_EXERCISE DATA_
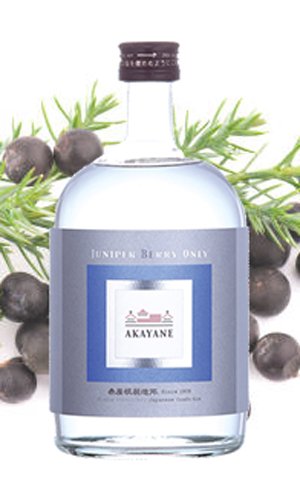 画像1: AKAYANE CRAFT GIN　ジュニパーベリーオンリー　720ml  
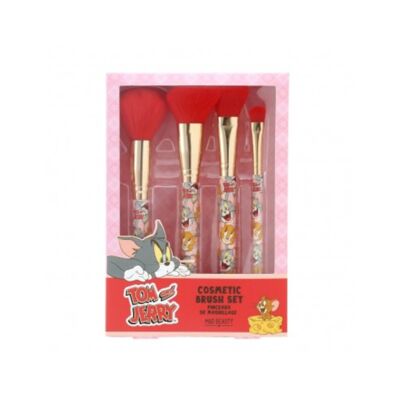 Mad BEAUTY Tom & Jerry Cosmetic Brush Set Mad BEAUTY Tom & Jerry Cosmetic Brush Set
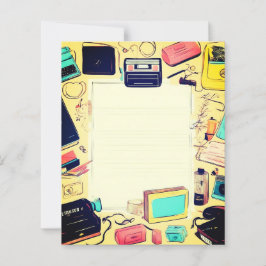 Retro-Letterhead der 90er Jahre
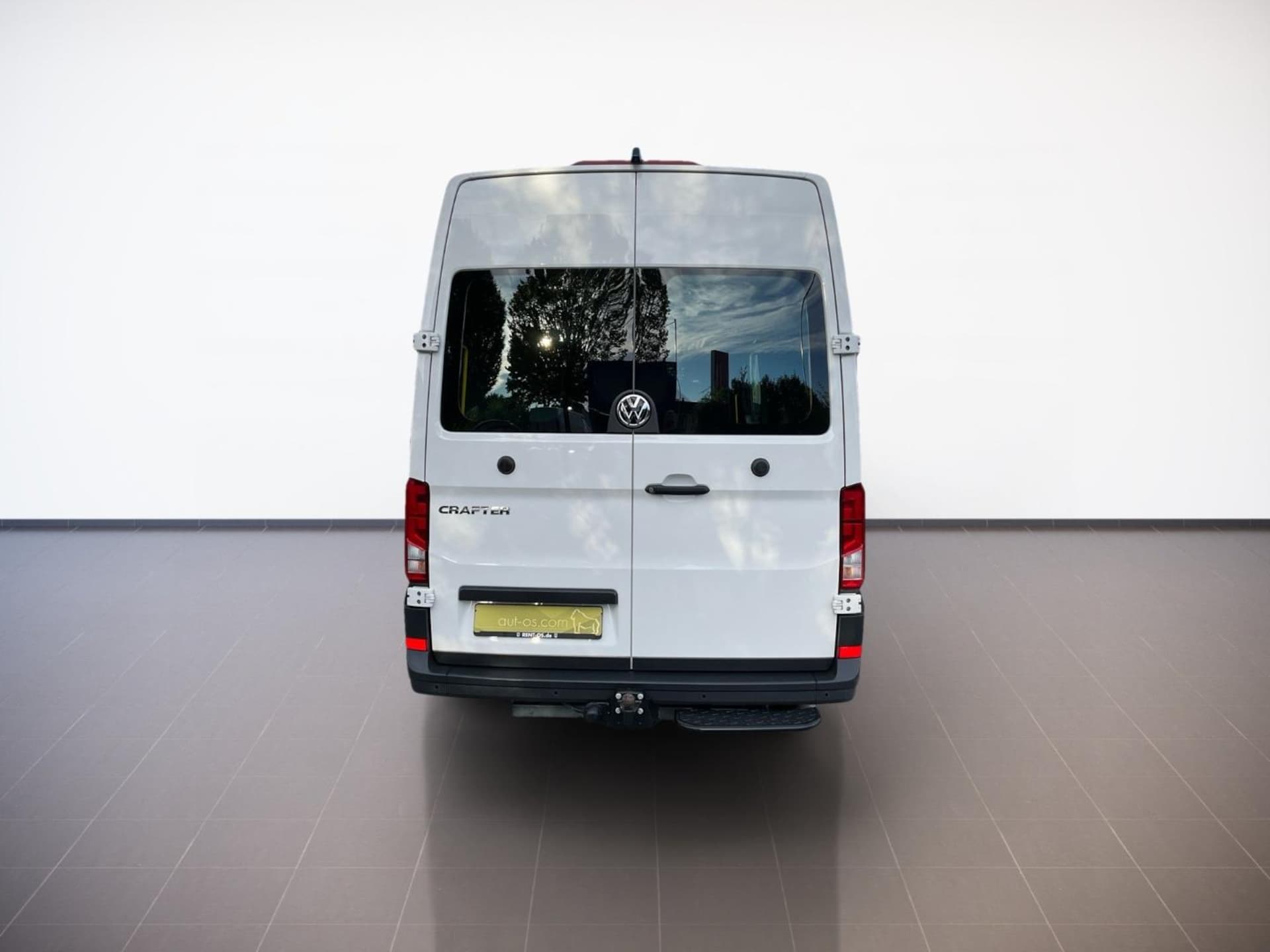 Volkswagen Crafter Kasten langer Radstand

_TASK DETAILS_
Copy the full listing above exactly, apart from the pictures.

_TASK ANSWER_
 画像1: AKAYANE CRAFT GIN　ジュニパーベリーオンリー　720ml  
 Mad BEAUTY Tom & Jerry Cosmetic Brush Set Mad BEAUTY Tom & Jerry Cosmetic Brush Set
 Retro-Letterhead der 90er Jahre
 Volkswagen Crafter Kasten langer Radstand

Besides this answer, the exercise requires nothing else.